Start of DATA RECORDS

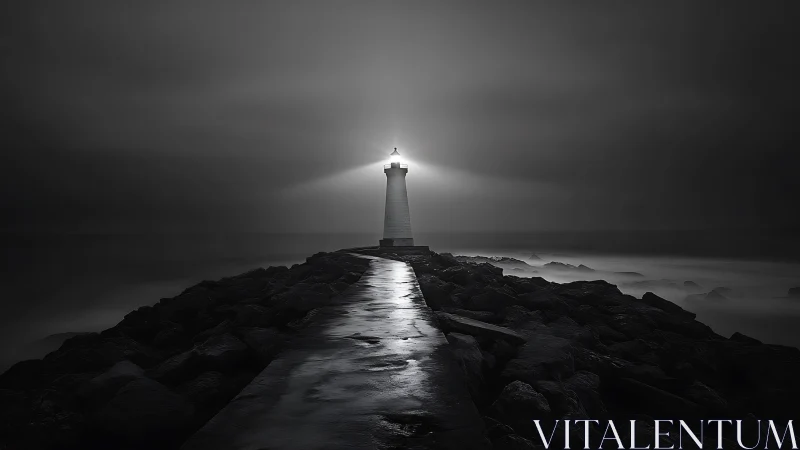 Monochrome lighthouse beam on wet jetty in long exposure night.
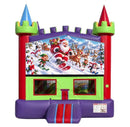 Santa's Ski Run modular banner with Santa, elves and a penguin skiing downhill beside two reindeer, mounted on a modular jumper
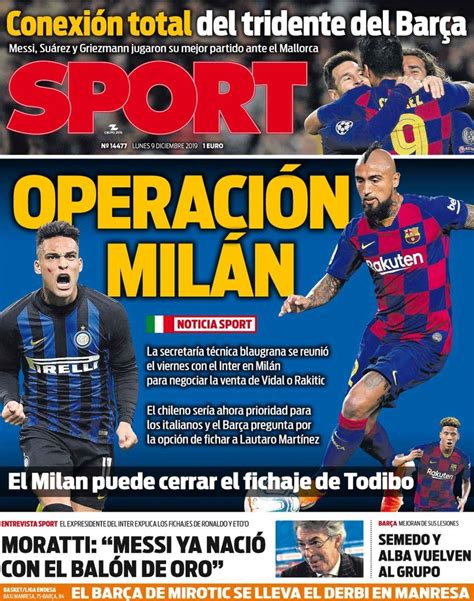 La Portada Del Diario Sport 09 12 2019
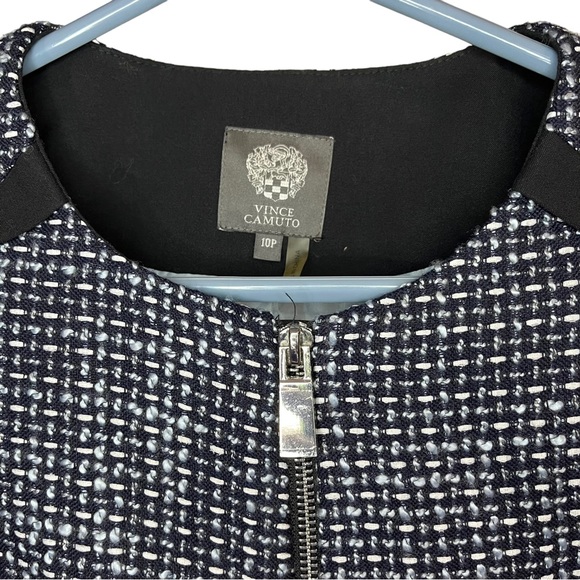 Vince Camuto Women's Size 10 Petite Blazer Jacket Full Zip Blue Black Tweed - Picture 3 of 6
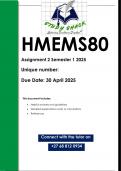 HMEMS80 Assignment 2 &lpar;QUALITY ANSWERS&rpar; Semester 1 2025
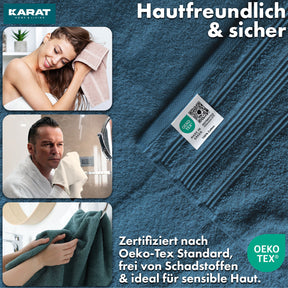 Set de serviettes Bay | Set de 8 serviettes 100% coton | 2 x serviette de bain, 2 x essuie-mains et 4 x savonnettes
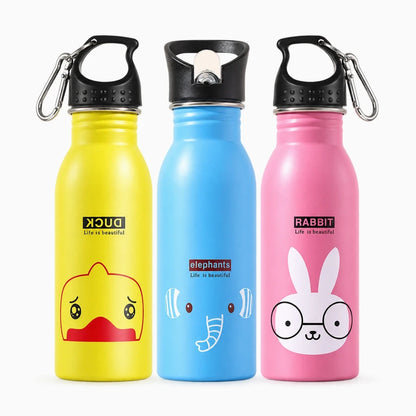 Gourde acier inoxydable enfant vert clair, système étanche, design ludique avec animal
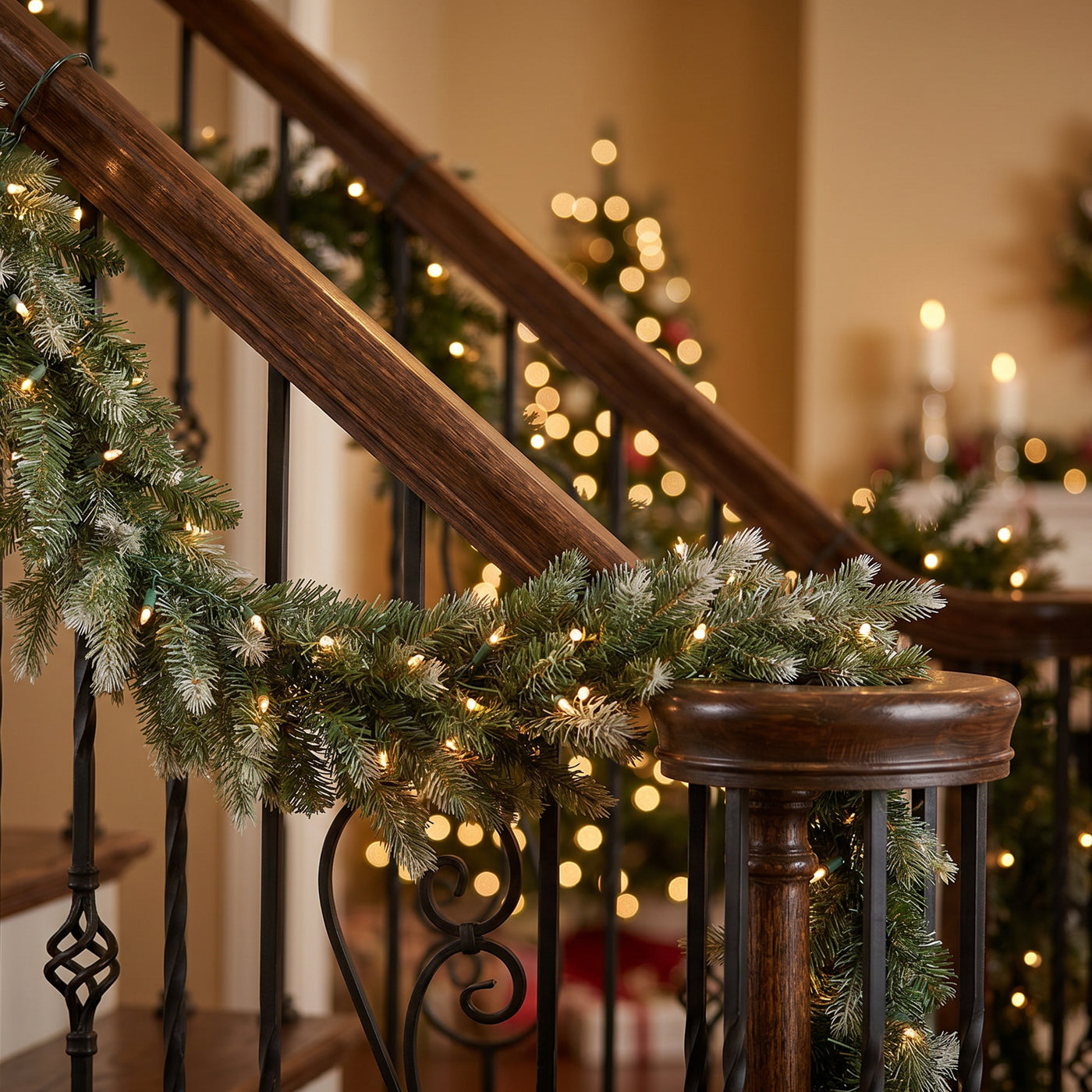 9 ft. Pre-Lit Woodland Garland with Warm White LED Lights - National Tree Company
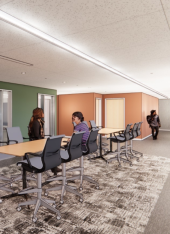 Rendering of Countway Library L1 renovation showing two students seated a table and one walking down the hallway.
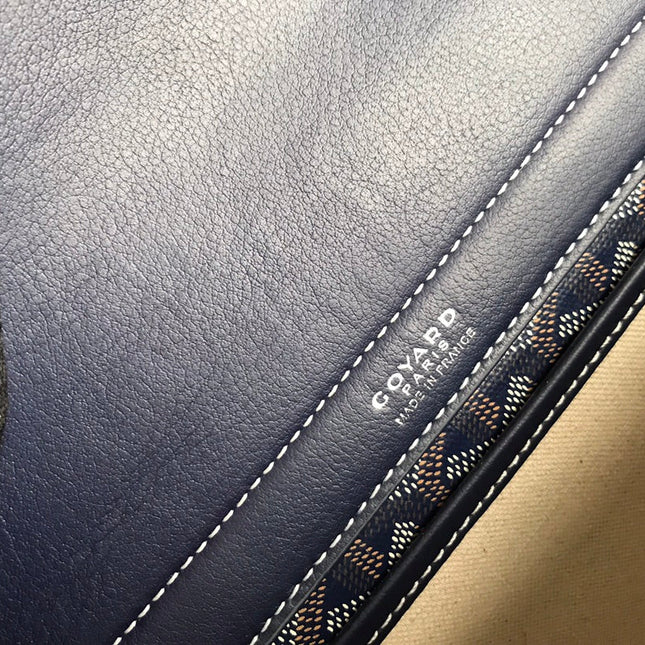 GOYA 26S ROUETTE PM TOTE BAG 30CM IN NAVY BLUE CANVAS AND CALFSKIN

End of DATA RECORDS

### TASK STATEMENT
Retype exactly, and only, the lines from the one containing "Rendering of Countway" through the end of the material, leaving aside every picture.

### ANSWER SECTION
 Rendering of Countway Library L1 renovation showing two students seated a table and one walking down the hallway.
 GOYA 26S ROUETTE PM TOTE BAG 30CM IN NAVY BLUE CANVAS AND CALFSKIN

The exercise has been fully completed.